Проснувшись окончательно, я стала вспоминать школу. Ту, какой она была в реальности и сохранилась в моей памяти: с двумя боковыми лестницами, коридорами, партами… Сейчас события прошлого, конечно, оцениваются иначе.
Я вспомнила директора, которого мы панически боялись – Ивана Георгиевича. Наш иррациональный страх можно сравнить со страхом, который дети испытывают перед сказочными персонажами, олицетворяющими зло, или с ужасом Мальвины и Пьеро перед Карабасом-Барабасом.
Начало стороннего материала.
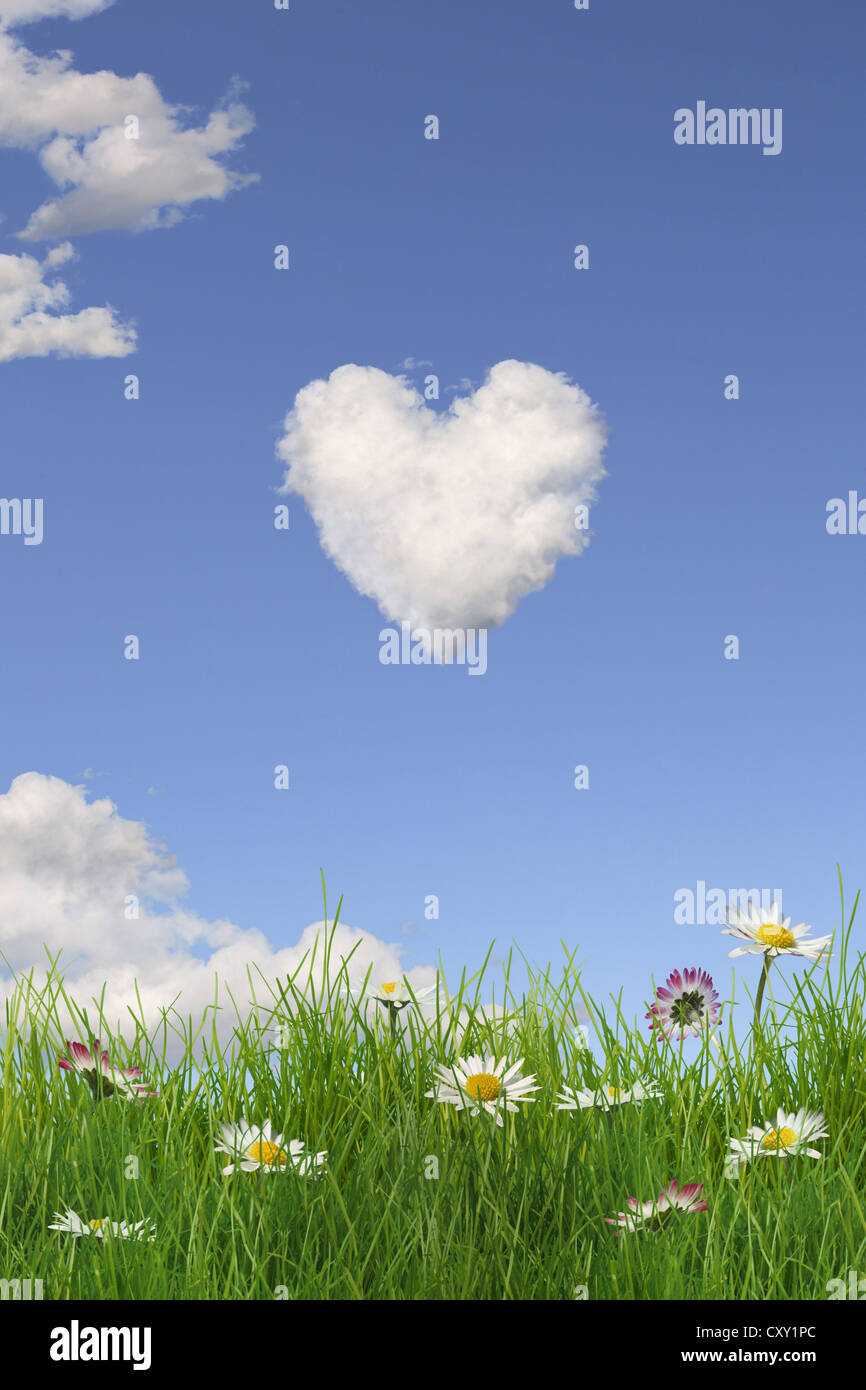 Cloud formation forming the shape of a heart in the sky above a flowering meadow, illustration Stock Photo
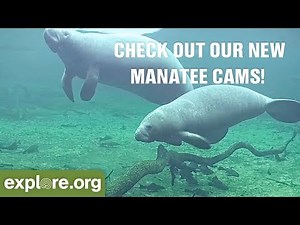 New Manatee Cameras at Homosassa Springs!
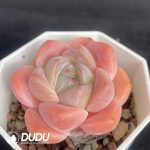 Echeveria X6-03 - Image 2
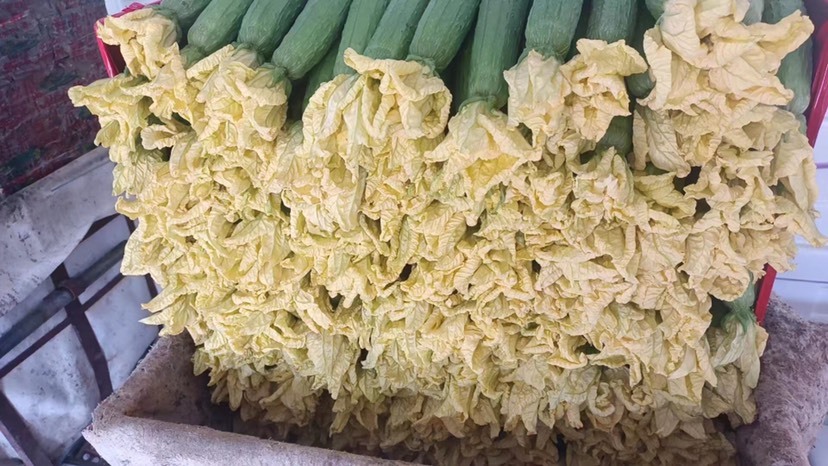 寿光市精品鲜花丝瓜~寿光翔凤蔬菜合作社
Директор был фронтовиком, но мы никогда об этом не думали, поскольку в те годы идею победы никто не раскручивал так, как в последние годы. Когда я пришла в первый класс, после войны прошло тридцать лет, и Ивану Георгиевичу было очевидно меньше шестидесяти. Мы знали, что вследствие ранения на фронте наш «страшный» директор потерял руку, но пустой рукав, заправленный в карман темного пиджака, пугал нас независимо от причин отсутствия конечности. Вполне возможно, Иван Георгиевич когда-то был героем – нам об этом ничего не говорили. Мы боялись этого лысого однорукого человека, склонного к крику и внезапным гневливым выпадам. Когда он, сухопарый и напряженный, шел по коридору, мрачно сдвинув брови и наклонив верхнюю часть корпуса вперед, мы старались сделаться невидимыми. Было ужасно страшно, если он неожиданно останавливался, резко разворачивался и менял направление движения.
Если он входил в класс, то никаких слов уже не требовалось: один его взгляд и готовность к броску сообщали третьеклассникам трепет и ужас.
В старших классах его поведение вызывало не столько страх, сколько недоумение, но и выпускники старались лишний раз не попадаться на глаза хмурому директору.
Практически каждую торжественную речь Иван Георгиевич завершал так, что мы, дети, чувствовали себя дармоедами. Конечно, оскорбительных слов директор не произносил, но ощущение, что мы живем за чужой счет, нам внушали регулярно. После его речей мы чувствовали себя ничтожествами и знали, что только Леня Голиков и Валя Котик имеют право кушать булочки в школьной столовой. Все мы, не совершившие ни одного героического поступка, даром просиживали время за партами…
Не знаю, было ли у Ивана Георгиевича педагогическое образование. Если и было, то ничего в его поведении не выдавало его наличие. Сейчас мне кажется, что это был человек, глубоко искалеченный фронтовыми событиями, которые, вероятно, усилили его личностные особенности до предела.
Что думали о нашем директоре наши родители, мне неизвестно. В воздухе витал холодок в отношении к нему учителей, а вот про родителей…ничего не знаю.
В связи с этими воспоминаниями, спровоцированными утренним сном, у меня возник вопрос: как бы отнеслась родительская общественность к появлению директора, подобного Ивану Георгиевичу, в современной школе? Родители стали бы возмущаться таким поведением или нет?